I didn’t need to do this for myself, I needed to do this for Jody, because she wouldn’t have wanted it any other way.
So I accepted the offer, hugged him and fell apart. Jeremy then said “Hold your head up brother, she’s not hurting anymore, she’s happy again.”
That night, we went to her visitation, now, keep in mind that I’m not big on visitations or funerals because that’s not the way I want to remember them.
Jody’s mom and dad met me inside the church and escorted me to the chapel, where her body was, because I knew I wouldn’t be able to do it alone.
When I reached the chapel, I looked up and saw her colorless body lying there, arms crossed and eyes shut.
I began to cry again, I didn’t understand why this had to happen to her so soon.
The next day was the funeral, we arrived at the church at about 8:30 that morning because my brother and I served as two of the six pallbearers.
We entered the chapel and were met with what seemed like a thousand hugs.
It was 8:30am and the funeral didn’t start until about 11am. But this gave me time to realize that it wasn’t a dream.
Around 10:30, close to 1,000 people came into the chapel, heads hung, tears falling and hugging each other.

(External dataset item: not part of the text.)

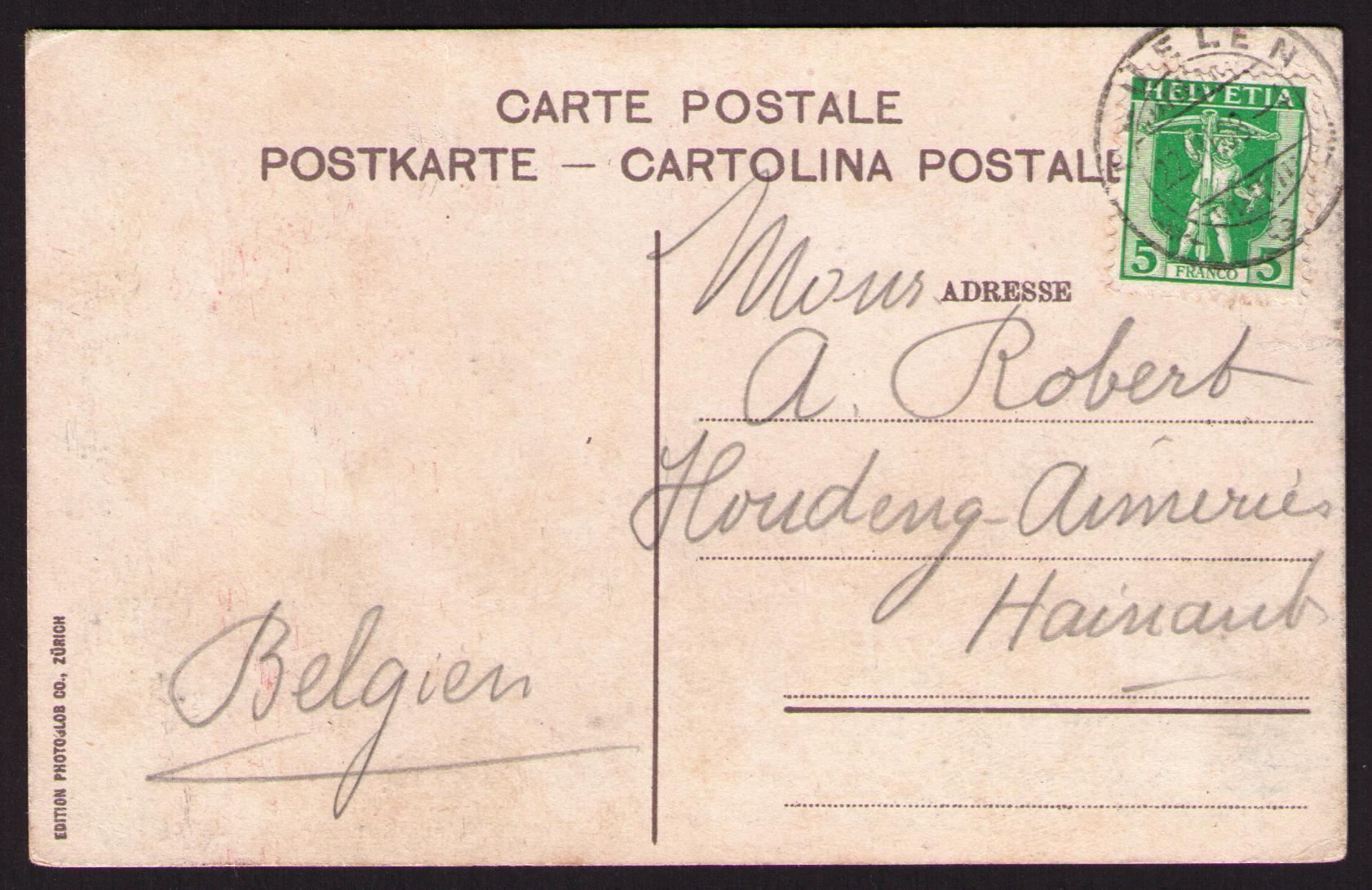 Ansichtskarten: WEGGIS 1908_Karten-Nr. 4384 Photoglob – Gebraucht aus Marthalen von Ch_quality 3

Then before I knew it, the funeral director motioned for us to stand, approach the casket and carry the body to the hearse.
When I reached the hearse with the body, and loaded her onto the loading rack in the back, I fell apart again.
I was met with several hugs, the one I remember the most came from somebody that had known both of us ever since middle school when I served as mascot and Jody, a cheerleader.
I tightly gripped her and pulled her in, she laid her head on my chest, looked up at me and said “You are one of the strongest people I know.”
When we reached the cemetery, all six of us, grabbed the casket and placed it on a table and then stood around the casket and table for prayer.
When the prayer concluded, I fell apart and I was once again met by the person that met me in the church parking lot after I loaded the casket into the hearse.
She dried my tears and said “Look at me, she’s happy now,” and hugged me tight and then wiped her tears on my blue blazer.
Dear Jody, thank you for always keeping me in line, laughing with and at me, loving me unconditionally, being my confidant, my shoulder to cry on, my partner-in-crime.
Thank you for forcing me to do my school work, the disagreements, the memories, but most of all, thank you for being the sister that I never had and having my back no matter what.
I promise I will continue to stand up for you as long as I live.
You’re safe with me.
See you on the other side beautiful, I love you.